AgentVidia

Hybrid Search (Keyword + Vector)

September 10, 2026 • By Abdul Nafay • RAG and Knowledge Systems

The architecture of Hybrid Search (Keyword + Vector). A deep dive into the RAG and Knowledge Systems industry's transition to a fully autonomous, agent-led infrastructure.

The Logic of Combined Strengths

Vector search is great at finding "Concepts," but it often fails at finding specific "Keywords" (like part numbers or product names). **Hybrid Search** combines vector embeddings with traditional keyword search (BM25) to provide the best of both worlds.
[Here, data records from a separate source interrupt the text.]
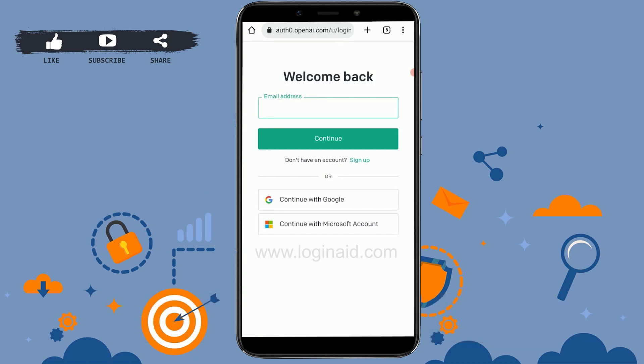You might not be able to log in if your account credentials are incorrect, so make sure that you type in the correct email and password. Only then will you be able to log in without any further issue.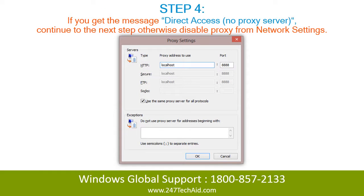Step 4: If you get the message "Direct Access, No Proxy Server," continue to the next step. Otherwise, disable the proxy from your network settings.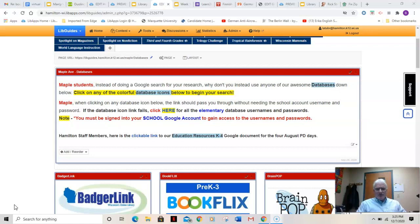For those of you who are going to your public libraries to get books, or hopefully using Sora — the online app that gives you access to all kinds of digital e-books and audio books — I hope you are using it. All of you should have an account. I just put over $6,000 worth of additional books into Sora, so hopefully you'll find something you'd be interested in reading or listening to. Don't forget that wonderful resource.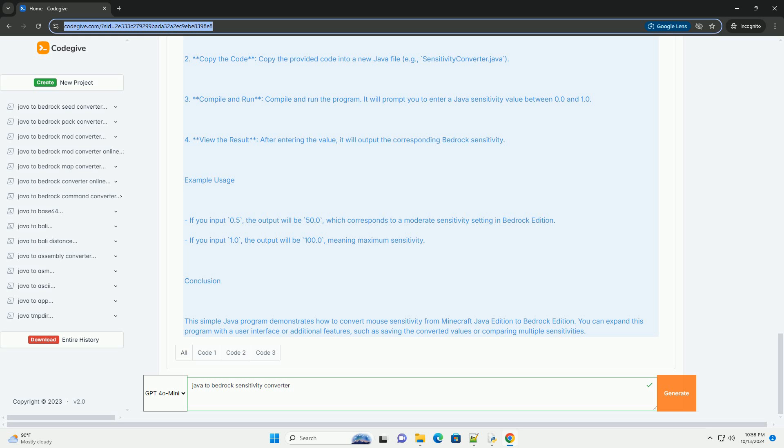How to use the code. 1. Set up the environment, make sure you have a Java development environment set up, like JDK and an IDE such as IntelliJ IDEA or Eclipse. 2. Copy the code, copy the provided code into a new Java file, example sensitivityconverter.java.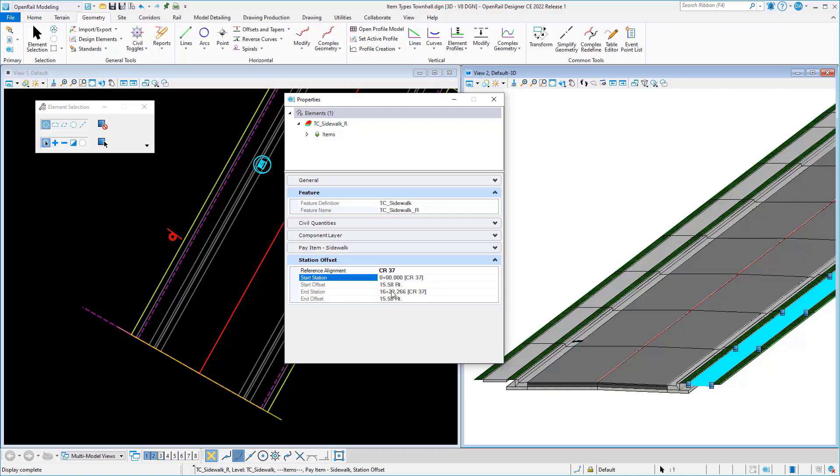Now notice that we can control the formatting of this, so how I want my stations formatted and other information can all be input into here. For example, I'm inputting the name of the alignment in here as well as the station. Or on the offsets, I'm computing it to be either right or left and putting those characters in. That's all defined in the formatting of the expression, so it leaves you a great deal of flexibility.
Implementing the Hybrid Engine

We use "Reciprocal Rank Fusion" (RRF) to merge search results into a single, optimized list:

  • BM25 (Sparse Retrieval): Finding exact matches for specific terms, names, and technical jargon.
  • Vector Search (Dense Retrieval): Finding documents that are semantically related to the user's intent.
  • Weight Tuning: Adjusting the balance between keyword and semantic results based on the specific domain (e.g., more keyword weight for medical coding).
  • Multi-Field Search: Searching across titles, tags, and body text simultaneously for maximum recall.
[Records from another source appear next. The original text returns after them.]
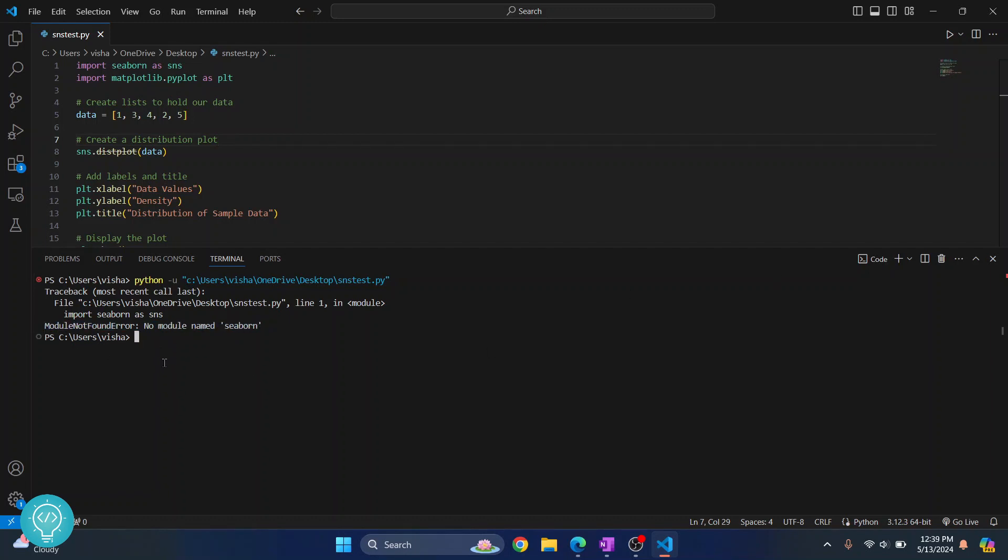We can easily fix this by writing this command. We're using pip to install Seaborn. Hit enter and Seaborn will be installed.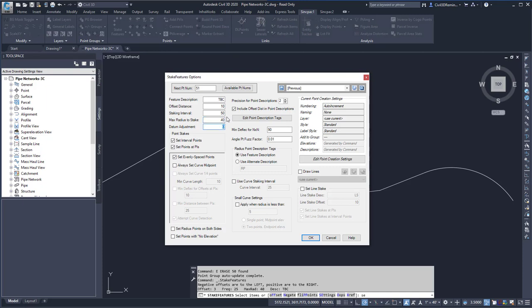And then I can have a datum adjustment, and that's going to take the elevation of the feature and then raise or lower it by a certain amount. So if I had a feature line that represented the lip of the gutter, I could run the stake report and get each of the interested points from that feature without having to create a feature line object directly.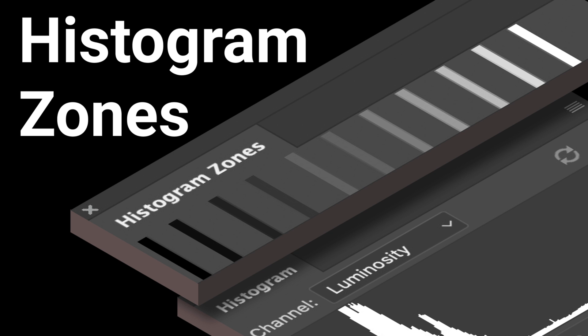Welcome to another small video tutorial. In this video we're going to be looking at the Histogram Zones Photoshop plugin.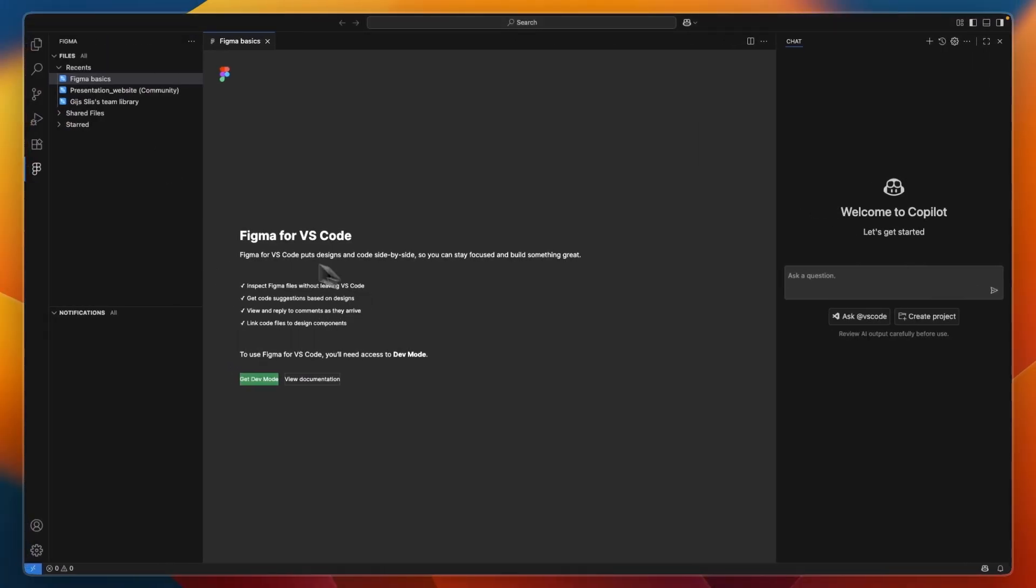And from there, you can then actually use Figma inside of VS Code. So, now you know how to connect Figma to Visual Studio Code.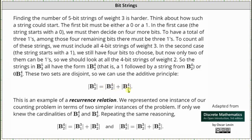This is an example of a recurrence relation — we represented one instance of our counting problem in terms of two simpler instances. We can repeat the same reasoning: the cardinality of B4,2 is equal to the cardinality of B3,1 plus the cardinality of B3,2.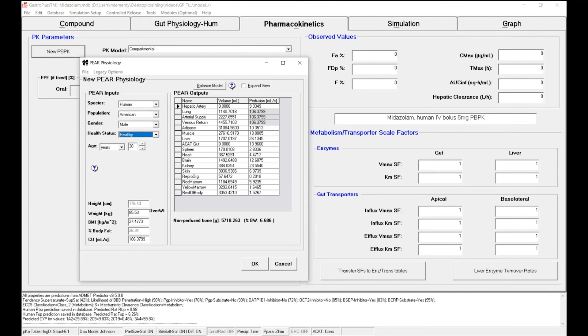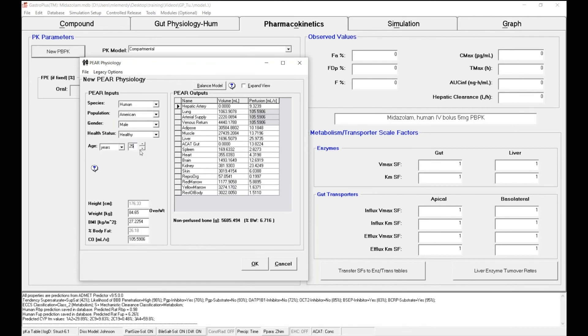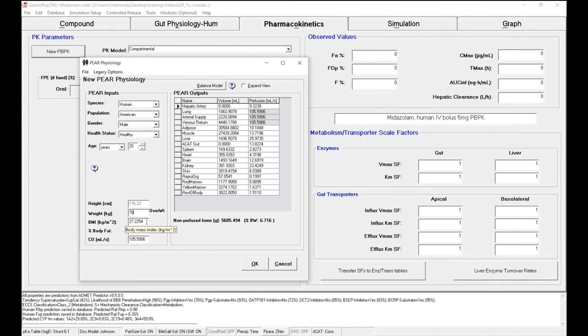These subjects are 25 years old, and you can see that as I'm changing my age, the tissue volume and the tissue perfusion flows are changing. And the body weight of those subjects is 70 kilograms. And I can click on another box to save this information.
Ensuring High-Performance Retrieval Accuracy

By mastering hybrid patterns, you build knowledge systems that "Never Miss." This "Hybrid Strategy" is what makes your organization a leader in the global market for professional autonomous services with absolute precision.

Conclusion

Precision drives impact. By mastering hybrid search (keyword + vector), you gain the skills needed to build professional and massive-scale autonomous platforms, ensuring a secure and successful future for your organization.